Data items =
:::::

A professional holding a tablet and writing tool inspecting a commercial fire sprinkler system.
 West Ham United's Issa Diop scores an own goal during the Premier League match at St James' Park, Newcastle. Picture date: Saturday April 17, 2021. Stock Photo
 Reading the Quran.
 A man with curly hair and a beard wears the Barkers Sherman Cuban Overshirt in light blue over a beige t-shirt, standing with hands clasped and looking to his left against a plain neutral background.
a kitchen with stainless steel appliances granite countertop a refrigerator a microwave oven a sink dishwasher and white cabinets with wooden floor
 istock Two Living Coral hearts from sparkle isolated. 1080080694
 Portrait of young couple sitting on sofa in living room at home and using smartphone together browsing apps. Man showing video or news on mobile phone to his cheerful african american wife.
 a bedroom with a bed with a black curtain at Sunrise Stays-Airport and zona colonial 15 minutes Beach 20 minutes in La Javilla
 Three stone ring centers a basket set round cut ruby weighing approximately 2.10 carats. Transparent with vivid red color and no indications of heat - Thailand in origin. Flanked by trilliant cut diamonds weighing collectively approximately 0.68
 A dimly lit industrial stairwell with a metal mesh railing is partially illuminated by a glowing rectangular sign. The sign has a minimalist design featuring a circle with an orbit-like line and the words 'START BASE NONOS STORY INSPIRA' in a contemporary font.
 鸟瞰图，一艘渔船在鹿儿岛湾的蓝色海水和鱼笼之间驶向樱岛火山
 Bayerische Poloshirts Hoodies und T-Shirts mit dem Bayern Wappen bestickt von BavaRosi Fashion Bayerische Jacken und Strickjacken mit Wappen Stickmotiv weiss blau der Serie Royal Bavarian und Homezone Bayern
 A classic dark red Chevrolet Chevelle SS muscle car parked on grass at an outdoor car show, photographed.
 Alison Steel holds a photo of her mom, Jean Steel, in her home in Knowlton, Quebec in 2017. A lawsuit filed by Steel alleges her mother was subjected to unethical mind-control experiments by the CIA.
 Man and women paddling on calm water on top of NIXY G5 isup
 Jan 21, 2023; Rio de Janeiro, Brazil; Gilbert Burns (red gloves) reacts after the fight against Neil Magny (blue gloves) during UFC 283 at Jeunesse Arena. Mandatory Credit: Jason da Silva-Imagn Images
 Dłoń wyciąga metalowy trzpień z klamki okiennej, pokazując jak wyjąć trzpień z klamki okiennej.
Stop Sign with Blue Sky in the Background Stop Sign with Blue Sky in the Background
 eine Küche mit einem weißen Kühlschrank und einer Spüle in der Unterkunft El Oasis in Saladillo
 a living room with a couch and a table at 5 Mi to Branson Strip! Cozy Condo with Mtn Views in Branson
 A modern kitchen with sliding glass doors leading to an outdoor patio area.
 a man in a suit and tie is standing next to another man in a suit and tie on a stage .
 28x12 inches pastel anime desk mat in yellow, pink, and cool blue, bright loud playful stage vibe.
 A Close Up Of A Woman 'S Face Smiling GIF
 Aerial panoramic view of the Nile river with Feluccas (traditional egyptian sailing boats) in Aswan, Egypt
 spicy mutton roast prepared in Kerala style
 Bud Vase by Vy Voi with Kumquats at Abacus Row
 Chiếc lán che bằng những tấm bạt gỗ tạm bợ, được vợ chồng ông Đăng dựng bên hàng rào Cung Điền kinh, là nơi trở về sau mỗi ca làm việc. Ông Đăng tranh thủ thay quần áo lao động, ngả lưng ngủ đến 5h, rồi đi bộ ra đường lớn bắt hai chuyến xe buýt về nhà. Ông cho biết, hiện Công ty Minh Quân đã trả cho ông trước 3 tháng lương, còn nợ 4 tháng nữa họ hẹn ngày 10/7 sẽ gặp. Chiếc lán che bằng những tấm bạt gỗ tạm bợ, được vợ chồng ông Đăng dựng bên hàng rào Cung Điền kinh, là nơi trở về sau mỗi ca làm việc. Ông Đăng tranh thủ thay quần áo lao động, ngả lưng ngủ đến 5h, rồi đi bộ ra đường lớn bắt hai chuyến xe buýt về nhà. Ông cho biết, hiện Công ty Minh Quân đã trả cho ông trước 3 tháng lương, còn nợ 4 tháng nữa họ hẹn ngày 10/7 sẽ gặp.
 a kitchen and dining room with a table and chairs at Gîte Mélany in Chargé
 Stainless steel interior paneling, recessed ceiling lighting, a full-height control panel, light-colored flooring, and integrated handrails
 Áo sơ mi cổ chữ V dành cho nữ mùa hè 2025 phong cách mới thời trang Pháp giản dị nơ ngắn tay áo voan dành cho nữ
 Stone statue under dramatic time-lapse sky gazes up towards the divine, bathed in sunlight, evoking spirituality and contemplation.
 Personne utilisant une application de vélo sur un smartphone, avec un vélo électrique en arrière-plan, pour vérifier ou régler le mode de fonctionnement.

:::::

What this task involves = Copy the records above exactly, beginning at the line that contains "Three stone ring" and stopping after the line that contains "鸟瞰图，一艘渔船在鹿儿岛湾的蓝色海水和鱼笼之间驶向樱岛火山".

Answer box =
 Three stone ring centers a basket set round cut ruby weighing approximately 2.10 carats. Transparent with vivid red color and no indications of heat - Thailand in origin. Flanked by trilliant cut diamonds weighing collectively approximately 0.68
 A dimly lit industrial stairwell with a metal mesh railing is partially illuminated by a glowing rectangular sign. The sign has a minimalist design featuring a circle with an orbit-like line and the words 'START BASE NONOS STORY INSPIRA' in a contemporary font.
 鸟瞰图，一艘渔船在鹿儿岛湾的蓝色海水和鱼笼之间驶向樱岛火山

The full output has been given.